* What you should do
Omit every picture and write out the rest of the records exactly.

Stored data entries
++++++++++++++++++++

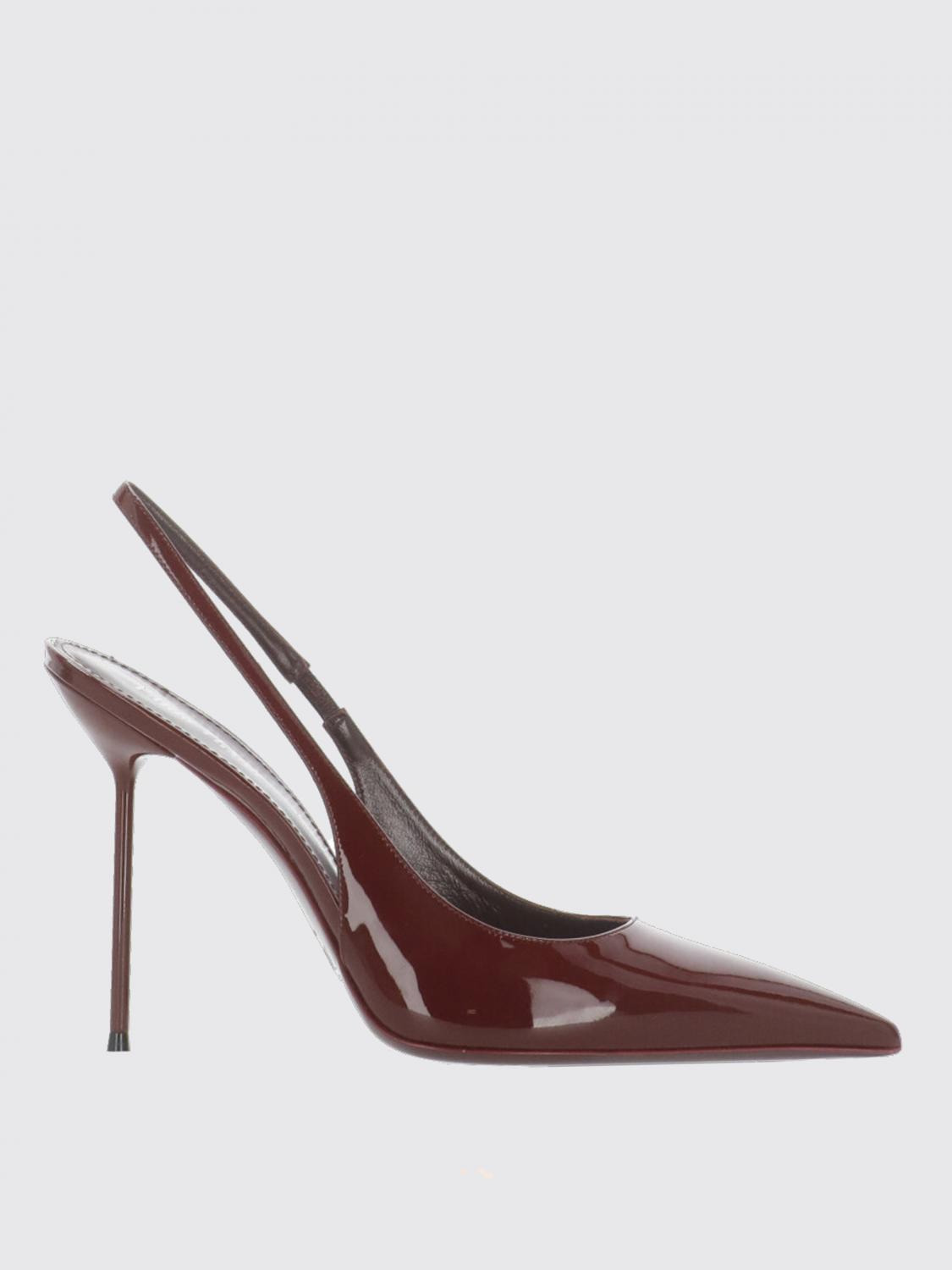 Shoes woman Paris Texas - 1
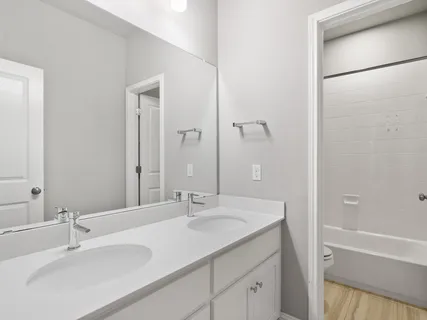 $899,000 | 5305 Mandevilla Drive, Austin, TX 78739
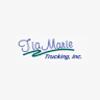 Tia Marie Trucking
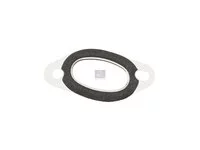 Dichtung DT Spare Parts 471650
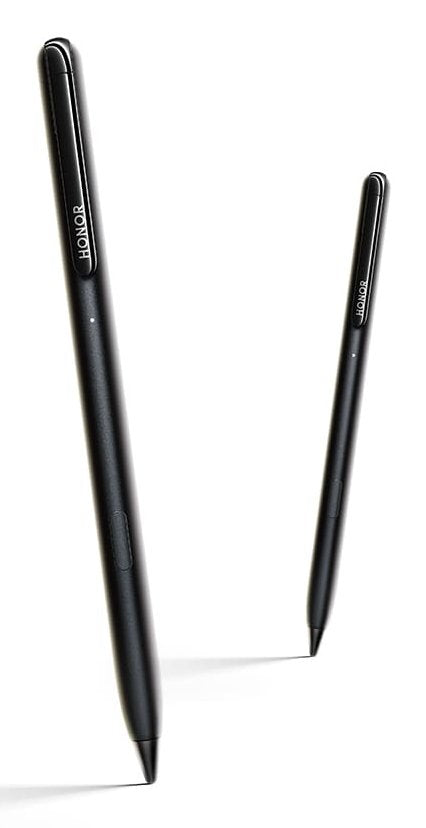 EAN 6936520847310 - Honor Magic-pen lápiz digital 15 g Negro imagen 2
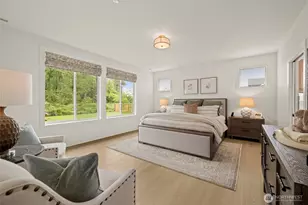 12055 Mundy Loss Road E, Buckley, WA 98321 - Photo 14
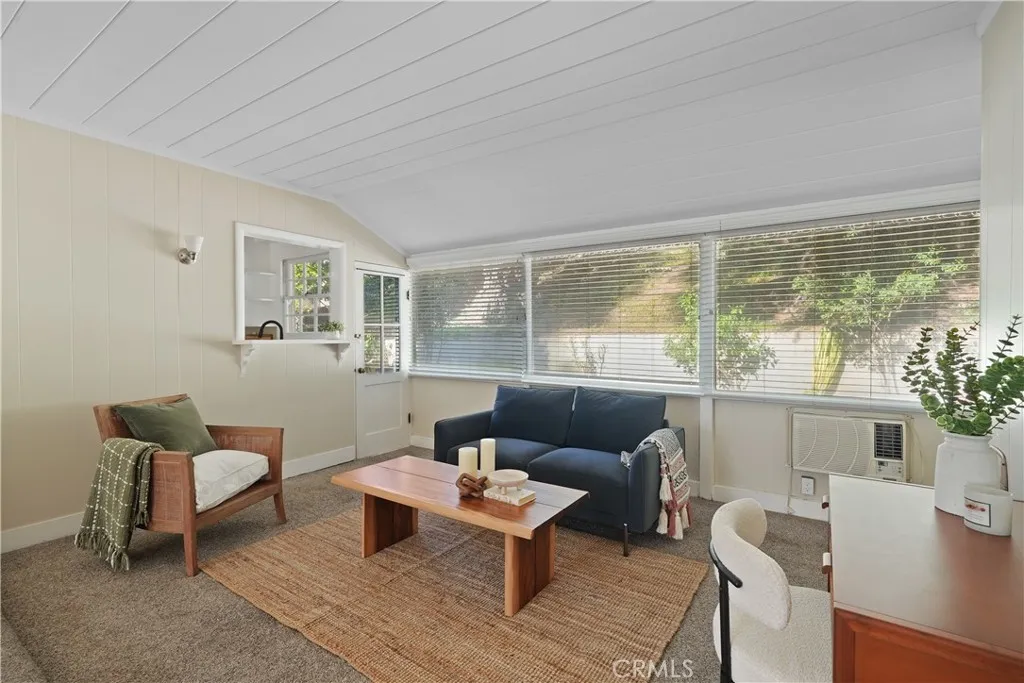 13707 Philadelphia, Whittier, California 90601 home-pic-15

++++++++++++++++++++

* Task result
 Shoes woman Paris Texas - 1
 $899,000 | 5305 Mandevilla Drive, Austin, TX 78739
 Tia Marie Trucking
 Dichtung DT Spare Parts 471650
 EAN 6936520847310 - Honor Magic-pen lápiz digital 15 g Negro imagen 2
 12055 Mundy Loss Road E, Buckley, WA 98321 - Photo 14
 13707 Philadelphia, Whittier, California 90601 home-pic-15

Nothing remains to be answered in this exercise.